O Acnur tem levantado, constantemente, a importância e a necessidade de que o mundo se abra para acolher os refugiados. Contudo, após os atentados de 11 de setembro de 2001, em Nova Iorque, e de 11 de março de 2004, em Madri, muitos países têm construído barreiras e políticas mais restritivas para o recebimento dessas pessoas. A reversão deste processo é um desafio e uma necessidade. Na América Latina, por exemplo, há iniciativas que apontam para posturas mais humanitárias e solidárias.
Refúgio no Brasil
O Brasil também recebe refugiados de diversas partes do planeta. Segundo dados de outubro de 2010, vivem no país 4.306 refugiados de 75 diferentes nacionalidades. Dos quais 3.911 são reconhecidos por vias tradicionais de elegibilidade e 395 pelo Programa de Reassentamento. A maior parte deles encontra-se em São Paulo e Rio de Janeiro.
Como cada país adota uma legislação própria e define direitos específicos, a legislação brasileira sobre refúgio é considerada, pelas Nações Unidas, como uma das mais modernas, abrangentes e generosas do mundo. Uma prova disso é o Brasil ser um dos países da América Latina que mais tratados ratificou.
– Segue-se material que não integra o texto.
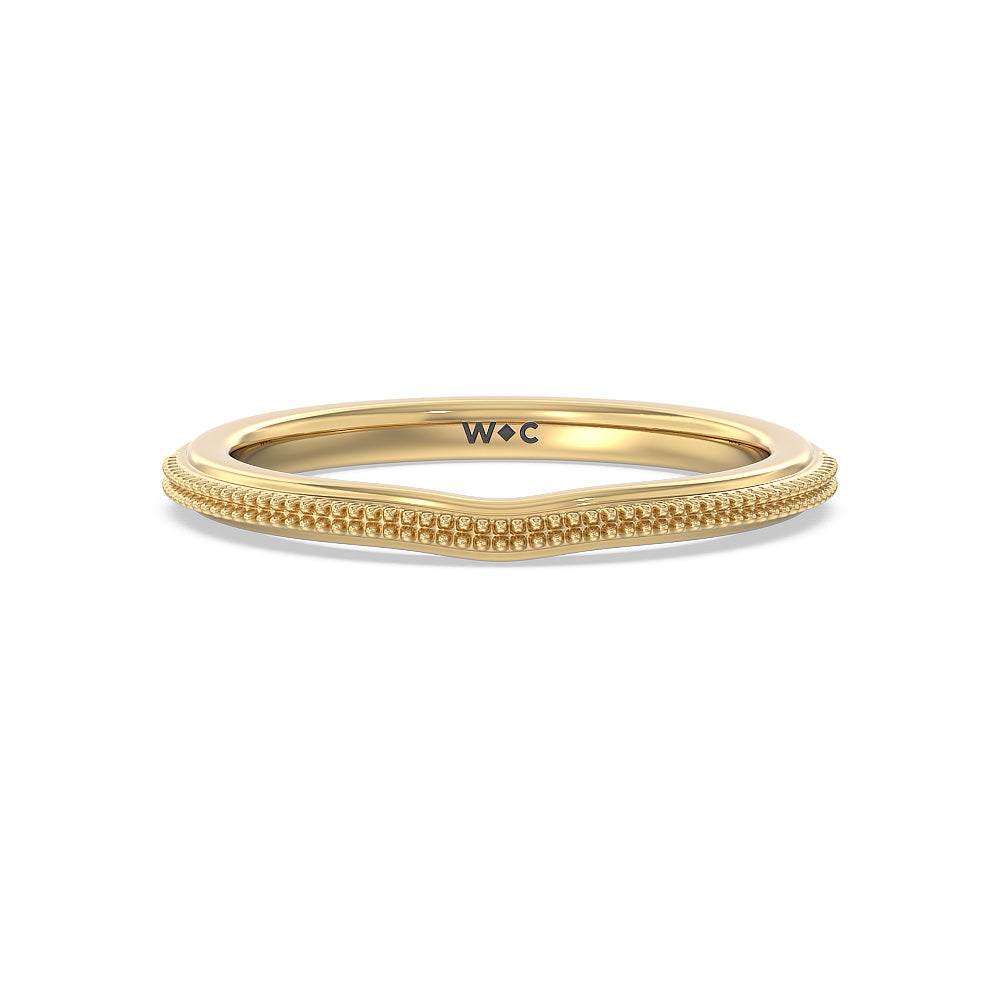 Milgrain Centerline Six Prong Solitaire Wedding Band with 18KT Yellow Gold Cut Diamond in 14KT Yellow Gold view 1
Para Pietro Alarcón, professor de Direito da PUC-SP e membro da Cátedra Sérgio Vieira de Mello, o Brasil sempre teve um papel pioneiro e de liderança na proteção internacional dos refugiados. Foi o primeiro país do Cone Sul a ratificar a Convenção de 1951, relativa ao Estatuto dos Refugiados, no ano de 1960. Foi ainda um dos primeiros integrantes do Comitê Executivo do Acnur, responsável pela aprovação dos programas e orçamentos anuais da agência.
Em 1997, a lei 9.474 criou o Comitê Nacional para os Refugiados (Conare), órgão encarregado de tomar decisões em matéria de refúgio. É ele que reconhece essa condição no Brasil. “A política brasileira com relação ao refugiado não é uma política conjuntural de Governo, é uma política de Estado e o Conare, talvez, represente isso”, finalizou o professor.